This was sparked by this post by DHH:
http://37signals.com/svn/posts/3113-how-key-based-cache-expiration-works
At first I was excited to read about a new method I hadn't seen before, ActiveRecord's `cache_key`. It seemed like I was going to restructure our entire cache strategy to take advantage of this cool technique. However, I realized that, although much easier to maintain, it's much less performant than manually expiring cache keys. Also, it seems to only work okay with a very specific data structure (the one DHH is using in his post, for example).
I would very much like to use this technique and just be able to forget about manually expiring cache fragments for the most part. But there are a few things that are keeping me from moving in this direction. I want someone to read this and tell me why I'm wrong, and why auto expiring keys is definitely the best way to go.
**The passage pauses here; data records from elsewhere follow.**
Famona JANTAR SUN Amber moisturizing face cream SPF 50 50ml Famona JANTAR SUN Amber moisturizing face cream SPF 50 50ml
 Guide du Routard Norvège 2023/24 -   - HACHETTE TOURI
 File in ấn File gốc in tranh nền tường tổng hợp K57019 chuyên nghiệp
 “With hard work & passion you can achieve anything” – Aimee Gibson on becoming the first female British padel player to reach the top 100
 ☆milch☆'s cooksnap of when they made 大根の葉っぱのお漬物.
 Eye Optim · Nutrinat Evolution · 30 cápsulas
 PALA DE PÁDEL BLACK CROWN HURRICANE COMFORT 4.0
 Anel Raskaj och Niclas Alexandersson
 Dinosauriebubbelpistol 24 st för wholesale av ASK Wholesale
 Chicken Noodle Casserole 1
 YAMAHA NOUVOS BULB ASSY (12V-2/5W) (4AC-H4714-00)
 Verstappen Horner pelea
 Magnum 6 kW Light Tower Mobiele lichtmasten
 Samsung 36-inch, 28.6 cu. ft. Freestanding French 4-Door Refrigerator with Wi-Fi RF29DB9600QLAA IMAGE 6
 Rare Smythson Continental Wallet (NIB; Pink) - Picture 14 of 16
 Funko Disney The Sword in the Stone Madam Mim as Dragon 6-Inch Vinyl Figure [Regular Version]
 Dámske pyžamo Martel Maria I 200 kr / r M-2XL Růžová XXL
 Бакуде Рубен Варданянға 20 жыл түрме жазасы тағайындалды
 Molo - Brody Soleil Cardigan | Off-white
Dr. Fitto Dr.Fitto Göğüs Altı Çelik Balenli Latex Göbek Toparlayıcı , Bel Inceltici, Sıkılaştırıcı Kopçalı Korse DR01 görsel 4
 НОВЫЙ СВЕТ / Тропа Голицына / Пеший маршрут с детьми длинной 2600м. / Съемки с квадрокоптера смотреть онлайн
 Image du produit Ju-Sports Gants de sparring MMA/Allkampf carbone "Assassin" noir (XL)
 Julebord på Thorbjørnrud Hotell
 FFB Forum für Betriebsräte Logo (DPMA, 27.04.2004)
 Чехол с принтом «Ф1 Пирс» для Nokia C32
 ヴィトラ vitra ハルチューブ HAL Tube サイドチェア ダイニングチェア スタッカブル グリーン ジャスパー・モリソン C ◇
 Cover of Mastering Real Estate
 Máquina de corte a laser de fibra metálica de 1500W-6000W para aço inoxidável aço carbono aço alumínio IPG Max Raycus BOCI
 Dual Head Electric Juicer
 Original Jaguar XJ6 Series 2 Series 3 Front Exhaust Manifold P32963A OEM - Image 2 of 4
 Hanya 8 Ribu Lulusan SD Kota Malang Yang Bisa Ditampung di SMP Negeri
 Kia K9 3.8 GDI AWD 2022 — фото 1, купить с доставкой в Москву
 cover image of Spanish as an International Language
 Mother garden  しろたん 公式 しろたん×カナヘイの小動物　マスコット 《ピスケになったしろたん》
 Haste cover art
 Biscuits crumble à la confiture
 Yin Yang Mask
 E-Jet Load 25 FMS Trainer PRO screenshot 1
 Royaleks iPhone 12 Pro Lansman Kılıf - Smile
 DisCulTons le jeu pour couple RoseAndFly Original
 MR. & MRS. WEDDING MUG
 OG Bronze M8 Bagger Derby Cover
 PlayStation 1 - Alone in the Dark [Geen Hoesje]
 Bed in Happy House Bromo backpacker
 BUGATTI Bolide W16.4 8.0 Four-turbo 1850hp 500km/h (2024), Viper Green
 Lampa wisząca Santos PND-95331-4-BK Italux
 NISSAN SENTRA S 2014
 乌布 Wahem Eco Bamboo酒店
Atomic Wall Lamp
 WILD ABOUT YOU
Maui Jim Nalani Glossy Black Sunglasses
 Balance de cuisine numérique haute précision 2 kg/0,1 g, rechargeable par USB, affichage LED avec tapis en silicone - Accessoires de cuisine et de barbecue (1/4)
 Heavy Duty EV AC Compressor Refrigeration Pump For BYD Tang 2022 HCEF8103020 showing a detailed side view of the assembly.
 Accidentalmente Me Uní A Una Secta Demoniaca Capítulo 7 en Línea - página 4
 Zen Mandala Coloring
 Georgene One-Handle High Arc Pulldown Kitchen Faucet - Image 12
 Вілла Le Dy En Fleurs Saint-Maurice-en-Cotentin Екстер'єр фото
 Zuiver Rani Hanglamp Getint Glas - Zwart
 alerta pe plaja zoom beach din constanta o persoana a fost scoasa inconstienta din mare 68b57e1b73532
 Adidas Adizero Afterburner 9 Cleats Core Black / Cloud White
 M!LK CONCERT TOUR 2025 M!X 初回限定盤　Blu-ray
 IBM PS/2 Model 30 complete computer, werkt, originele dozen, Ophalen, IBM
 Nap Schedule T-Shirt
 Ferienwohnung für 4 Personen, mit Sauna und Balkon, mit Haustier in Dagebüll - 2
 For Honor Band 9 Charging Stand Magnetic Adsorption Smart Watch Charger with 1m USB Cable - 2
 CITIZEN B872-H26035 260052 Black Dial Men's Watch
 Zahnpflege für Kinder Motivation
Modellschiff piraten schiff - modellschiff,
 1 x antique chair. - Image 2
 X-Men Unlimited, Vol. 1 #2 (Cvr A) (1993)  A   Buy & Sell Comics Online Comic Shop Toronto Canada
A little context: The website I work for gets an average of about 30,000 visits per day - not a ton but definitely enough that little things make a big difference in performance.
**TL;DR** : This technique requires too many queries and too many renders. Manually expiring gives us the ability to cache larger chunks of data. I am looking for opinions, thoughts, and especially arguments on this.
Consider this example, where I'd like to display a list of blogs and each blog's 5 most recent posts:
** blogs/index.html.erb**
1. <% @blogs.each do |blog| %>
2. <% cache blog do %>
3. <%= render partial: "posts/post", collection: blog.posts.recent.limit(5) %>
4. <% end %>
5. <% end %>
**posts/_post.html.erb**
1. <% cache post do %>
2. <h2><%= post.title %></h2>
3. <p><%= post.body %></p>
4. <% end %>
Line 1 will perform a database query no matter what, on every page load. It also requires several hits to the cache database to check for every blog's `cache_key`.
If any post in a blog is updated, that block will be required to render the post partial 5 times, no matter what. It will also have to fire off a query to the database to retrieve those 5 posts. At this point - with the 5 posts loaded in to memory, and the partials being rendered anyways - what is really the performance difference between fetching the HTML fragment for that post from cache, or just rendering the partial as usual? My guess is that it's negligible, but I hope that I am wrong.
Consider this example. I want to simply render the 5 most recent posts made, regardless of which blog:
** posts/recent.html.erb**
1. <% @posts = Post.recent.limit(5) %>
2. <% cache @posts do %>
2. <%= render @posts %>
3. <% end %>
Same situation here: By calling `cache @posts`, we're firing off that query, therefore defeating one of the awesome advantages of an ActiveRecord::Relation - lazy queries. And then we have to render the `post` partial 5 times, and at that point, with the post ready to go, is caching really going to help that much?
Auto-expiring keys doesn't support arbitrary view fragments - i.e., fragments of HTML that aren't tied to any model object:
**posts/recent.html.erb**
1. <% cache "recent_posts" do %>
2. <% @posts = Post.recent.limit(5) %>
3. <%= render @posts %>
4. <% end %>
This method (on cache hit):
* Will not perform any database queries
* Doesn't need to instantiate an ActiveRecord::Relation object
* Doesn't render any partials
* Only needs to check the cache for a single key
The only downside, of course, is that the cache needs to be manually expired - but that's, what, 5 lines in an observer?
**post_observer.rb**
1. class PostObserver < ActiveRecord::Observer
2. def after_save(post)
3. ActionController::Base.new.expire_fragment "views/recent_posts"
4. end
5. end
Of course, if you have a lot of places where this object is being represented, you'd have to expire several fragments. But, with redis, you can take advantage of `sets` and `smembers` to do that.
auto expiring keys also require extra writing to the database to update associated objects (such as a Blog) when a Post is saved.
So - thoughts?